Emit a verbatim copy of the lines below from the line with "Page #269 background image" through the line with "Terreno para Venda em Encarnação Foto 10", excluding pictures and everything outside that range.

(Beginning of SUPPLIED MATERIAL)

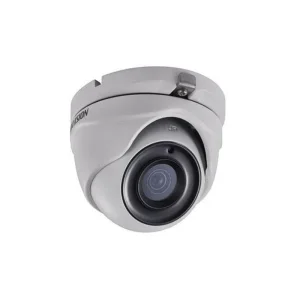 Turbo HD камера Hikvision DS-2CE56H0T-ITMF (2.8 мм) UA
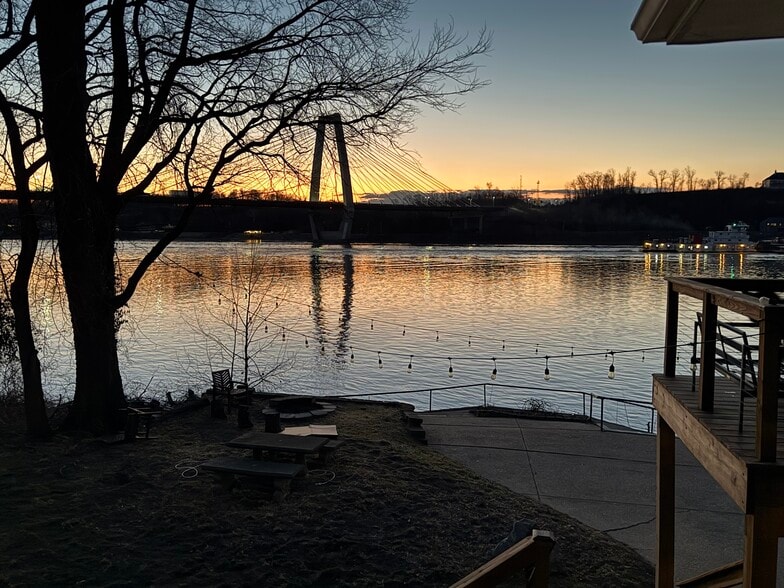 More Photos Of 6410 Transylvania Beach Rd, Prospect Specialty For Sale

(End of SUPPLIED MATERIAL)
(Beginning of SUPPLIED MATERIAL)

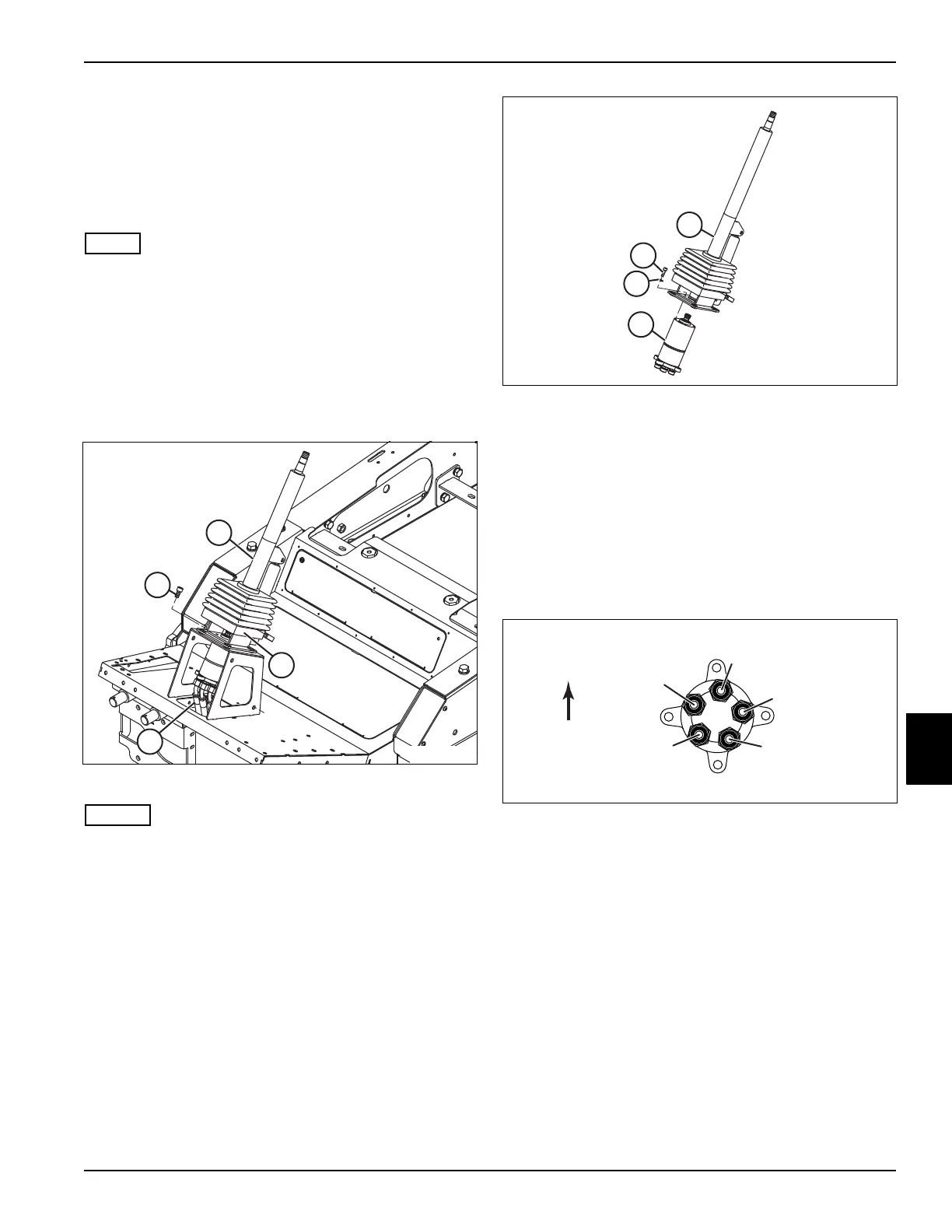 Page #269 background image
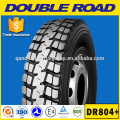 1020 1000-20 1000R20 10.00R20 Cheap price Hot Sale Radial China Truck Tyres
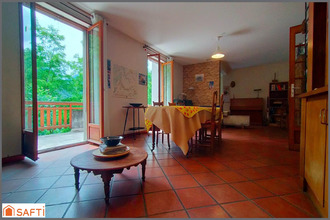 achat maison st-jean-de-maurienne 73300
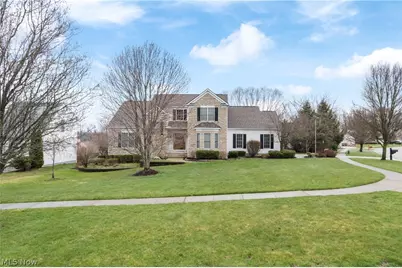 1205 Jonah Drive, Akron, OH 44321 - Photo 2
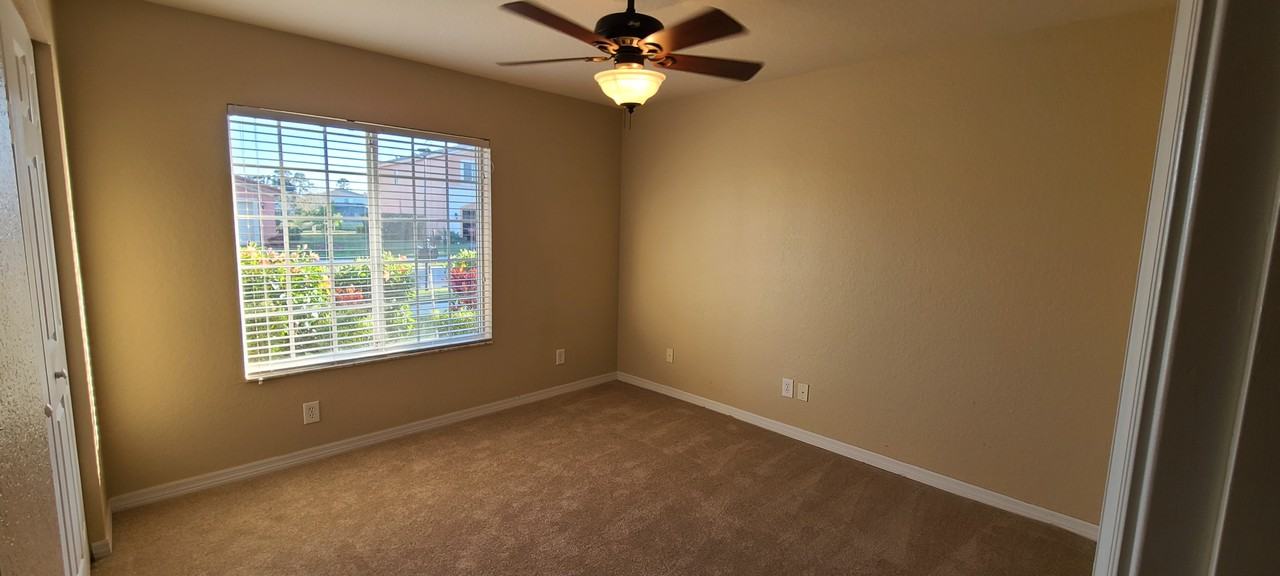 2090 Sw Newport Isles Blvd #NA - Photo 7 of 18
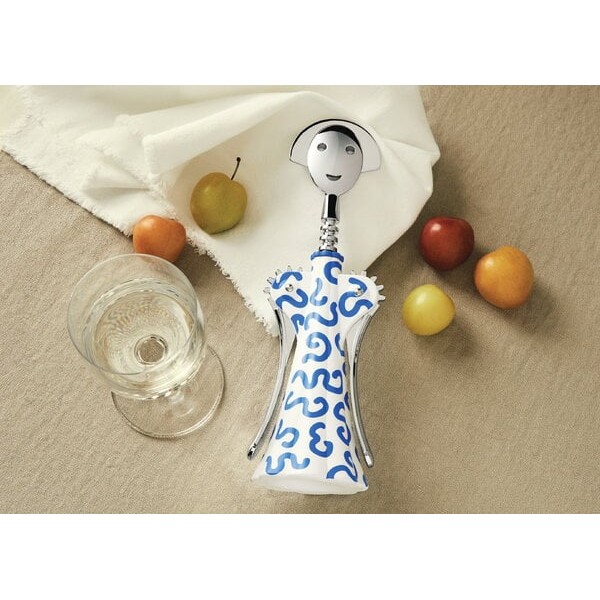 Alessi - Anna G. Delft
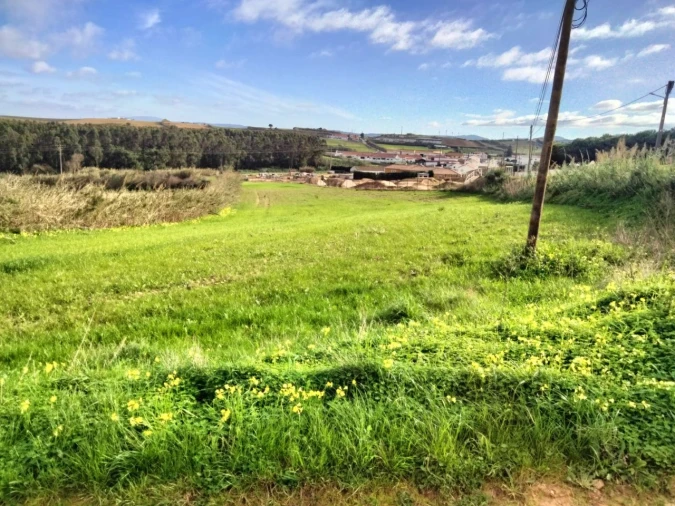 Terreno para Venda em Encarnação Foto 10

(End of SUPPLIED MATERIAL)

TASK RESULT ▸
 Page #269 background image
 1020 1000-20 1000R20 10.00R20 Cheap price Hot Sale Radial China Truck Tyres
 achat maison st-jean-de-maurienne 73300
 1205 Jonah Drive, Akron, OH 44321 - Photo 2
 2090 Sw Newport Isles Blvd #NA - Photo 7 of 18
 Alessi - Anna G. Delft
 Terreno para Venda em Encarnação Foto 10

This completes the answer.